--- YOUR GOAL ---
Copy word for word, please, the lines of the entries below running from the one containing "Jerry Jerome - On The Wild Side - LP" to the one containing "バドミントンキャビネット、c.1720-32（ピエトラデュラ、エボニー、オルモル） 作： イタリア語学校", both ends included.

Entries taken from a collection
*** Block opens ***

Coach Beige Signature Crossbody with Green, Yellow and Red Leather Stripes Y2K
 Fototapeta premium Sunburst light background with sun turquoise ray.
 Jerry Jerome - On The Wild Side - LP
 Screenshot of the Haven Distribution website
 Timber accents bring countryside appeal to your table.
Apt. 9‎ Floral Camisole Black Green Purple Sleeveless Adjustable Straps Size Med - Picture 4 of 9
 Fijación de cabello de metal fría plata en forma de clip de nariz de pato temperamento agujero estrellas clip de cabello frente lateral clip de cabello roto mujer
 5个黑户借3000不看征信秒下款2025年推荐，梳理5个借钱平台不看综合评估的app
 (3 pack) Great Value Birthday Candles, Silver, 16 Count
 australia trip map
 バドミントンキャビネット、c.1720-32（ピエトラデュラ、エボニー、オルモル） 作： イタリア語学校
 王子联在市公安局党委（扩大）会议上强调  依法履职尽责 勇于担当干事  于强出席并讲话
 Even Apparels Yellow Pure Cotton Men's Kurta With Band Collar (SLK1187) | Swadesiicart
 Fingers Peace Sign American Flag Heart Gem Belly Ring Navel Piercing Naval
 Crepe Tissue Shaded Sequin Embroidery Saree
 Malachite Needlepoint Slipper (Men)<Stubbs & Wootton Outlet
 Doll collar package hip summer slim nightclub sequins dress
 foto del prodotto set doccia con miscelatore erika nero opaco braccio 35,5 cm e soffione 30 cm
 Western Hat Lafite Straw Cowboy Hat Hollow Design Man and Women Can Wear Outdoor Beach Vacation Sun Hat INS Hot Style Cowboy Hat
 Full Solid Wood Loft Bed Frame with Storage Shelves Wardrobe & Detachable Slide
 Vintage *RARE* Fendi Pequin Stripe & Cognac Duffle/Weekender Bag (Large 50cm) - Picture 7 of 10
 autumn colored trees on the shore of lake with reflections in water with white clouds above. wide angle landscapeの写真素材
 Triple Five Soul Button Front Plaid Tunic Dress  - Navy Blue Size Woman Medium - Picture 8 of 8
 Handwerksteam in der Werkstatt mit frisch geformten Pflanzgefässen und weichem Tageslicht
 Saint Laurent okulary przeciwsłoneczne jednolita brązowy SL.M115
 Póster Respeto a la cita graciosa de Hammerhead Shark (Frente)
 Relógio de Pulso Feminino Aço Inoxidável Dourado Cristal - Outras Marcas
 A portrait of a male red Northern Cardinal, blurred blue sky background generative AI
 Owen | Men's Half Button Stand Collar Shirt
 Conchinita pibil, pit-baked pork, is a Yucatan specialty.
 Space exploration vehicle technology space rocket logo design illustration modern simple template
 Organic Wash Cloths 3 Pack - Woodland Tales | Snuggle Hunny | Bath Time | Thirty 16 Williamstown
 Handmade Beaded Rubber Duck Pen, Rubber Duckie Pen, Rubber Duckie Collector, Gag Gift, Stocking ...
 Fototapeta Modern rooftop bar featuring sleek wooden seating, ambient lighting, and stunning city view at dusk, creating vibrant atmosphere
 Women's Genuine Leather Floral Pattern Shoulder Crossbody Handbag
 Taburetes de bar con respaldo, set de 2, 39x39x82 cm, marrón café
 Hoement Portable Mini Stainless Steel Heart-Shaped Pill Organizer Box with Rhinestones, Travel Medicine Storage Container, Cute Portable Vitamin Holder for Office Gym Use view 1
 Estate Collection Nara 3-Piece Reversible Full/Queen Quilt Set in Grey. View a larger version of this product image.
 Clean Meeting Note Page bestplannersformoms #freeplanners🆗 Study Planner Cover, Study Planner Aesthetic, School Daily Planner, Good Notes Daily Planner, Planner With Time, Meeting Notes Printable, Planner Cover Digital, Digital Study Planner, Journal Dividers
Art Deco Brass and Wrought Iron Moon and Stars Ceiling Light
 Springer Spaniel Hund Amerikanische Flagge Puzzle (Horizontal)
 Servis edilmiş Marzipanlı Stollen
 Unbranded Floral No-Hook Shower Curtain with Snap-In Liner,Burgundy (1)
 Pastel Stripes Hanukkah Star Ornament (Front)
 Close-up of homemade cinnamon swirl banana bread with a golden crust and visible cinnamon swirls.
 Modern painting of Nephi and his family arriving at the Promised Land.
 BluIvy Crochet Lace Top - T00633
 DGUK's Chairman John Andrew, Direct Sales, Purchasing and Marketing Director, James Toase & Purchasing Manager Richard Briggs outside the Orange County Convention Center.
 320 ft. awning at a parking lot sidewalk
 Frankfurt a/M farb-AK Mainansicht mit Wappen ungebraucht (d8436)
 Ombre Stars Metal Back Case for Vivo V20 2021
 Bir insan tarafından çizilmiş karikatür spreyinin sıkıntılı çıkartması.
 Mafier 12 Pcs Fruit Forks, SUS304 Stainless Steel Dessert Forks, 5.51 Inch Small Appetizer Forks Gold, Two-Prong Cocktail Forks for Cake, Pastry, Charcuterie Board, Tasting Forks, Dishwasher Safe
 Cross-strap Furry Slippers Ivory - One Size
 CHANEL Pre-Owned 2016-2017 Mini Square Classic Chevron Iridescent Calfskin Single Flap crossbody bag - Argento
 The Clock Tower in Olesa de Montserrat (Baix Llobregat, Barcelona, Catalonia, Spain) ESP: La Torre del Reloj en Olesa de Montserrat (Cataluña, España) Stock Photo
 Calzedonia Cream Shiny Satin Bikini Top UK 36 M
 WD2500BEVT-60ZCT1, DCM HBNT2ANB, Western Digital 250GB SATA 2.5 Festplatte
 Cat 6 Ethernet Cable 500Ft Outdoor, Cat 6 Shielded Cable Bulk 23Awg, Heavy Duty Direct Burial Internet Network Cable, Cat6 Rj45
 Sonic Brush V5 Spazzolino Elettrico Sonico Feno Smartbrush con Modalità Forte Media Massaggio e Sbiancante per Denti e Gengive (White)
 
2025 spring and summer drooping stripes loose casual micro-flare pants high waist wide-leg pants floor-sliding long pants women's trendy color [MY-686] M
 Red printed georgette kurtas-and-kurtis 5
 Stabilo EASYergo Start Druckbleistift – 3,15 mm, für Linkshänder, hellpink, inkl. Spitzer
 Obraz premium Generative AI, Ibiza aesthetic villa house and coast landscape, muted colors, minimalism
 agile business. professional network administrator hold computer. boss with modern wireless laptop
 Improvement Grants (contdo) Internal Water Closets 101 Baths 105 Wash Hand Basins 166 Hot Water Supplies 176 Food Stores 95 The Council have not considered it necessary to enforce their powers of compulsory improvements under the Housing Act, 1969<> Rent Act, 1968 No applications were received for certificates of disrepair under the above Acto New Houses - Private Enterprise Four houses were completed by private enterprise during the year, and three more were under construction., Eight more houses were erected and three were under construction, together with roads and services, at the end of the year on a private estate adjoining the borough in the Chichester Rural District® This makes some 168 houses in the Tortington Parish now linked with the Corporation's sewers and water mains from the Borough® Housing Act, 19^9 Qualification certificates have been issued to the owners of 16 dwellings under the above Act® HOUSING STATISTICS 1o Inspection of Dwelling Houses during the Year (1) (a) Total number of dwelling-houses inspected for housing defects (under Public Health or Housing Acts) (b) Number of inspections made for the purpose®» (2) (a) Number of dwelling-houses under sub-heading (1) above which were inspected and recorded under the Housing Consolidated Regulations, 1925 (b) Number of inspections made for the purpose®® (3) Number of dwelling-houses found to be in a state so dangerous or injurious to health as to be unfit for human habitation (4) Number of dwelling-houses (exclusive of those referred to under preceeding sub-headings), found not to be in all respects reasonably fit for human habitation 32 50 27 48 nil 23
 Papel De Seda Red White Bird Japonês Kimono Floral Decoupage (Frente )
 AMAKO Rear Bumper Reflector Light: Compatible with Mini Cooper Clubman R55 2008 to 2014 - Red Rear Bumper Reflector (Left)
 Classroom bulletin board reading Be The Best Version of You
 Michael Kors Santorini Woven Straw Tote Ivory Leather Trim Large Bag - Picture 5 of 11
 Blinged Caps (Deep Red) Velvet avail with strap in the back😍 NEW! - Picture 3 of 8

*** Block closes ***

--- RESPONSE TO THE EXERCISE ---
 Jerry Jerome - On The Wild Side - LP
 Screenshot of the Haven Distribution website
 Timber accents bring countryside appeal to your table.
Apt. 9‎ Floral Camisole Black Green Purple Sleeveless Adjustable Straps Size Med - Picture 4 of 9
 Fijación de cabello de metal fría plata en forma de clip de nariz de pato temperamento agujero estrellas clip de cabello frente lateral clip de cabello roto mujer
 5个黑户借3000不看征信秒下款2025年推荐，梳理5个借钱平台不看综合评估的app
 (3 pack) Great Value Birthday Candles, Silver, 16 Count
 australia trip map
 バドミントンキャビネット、c.1720-32（ピエトラデュラ、エボニー、オルモル） 作： イタリア語学校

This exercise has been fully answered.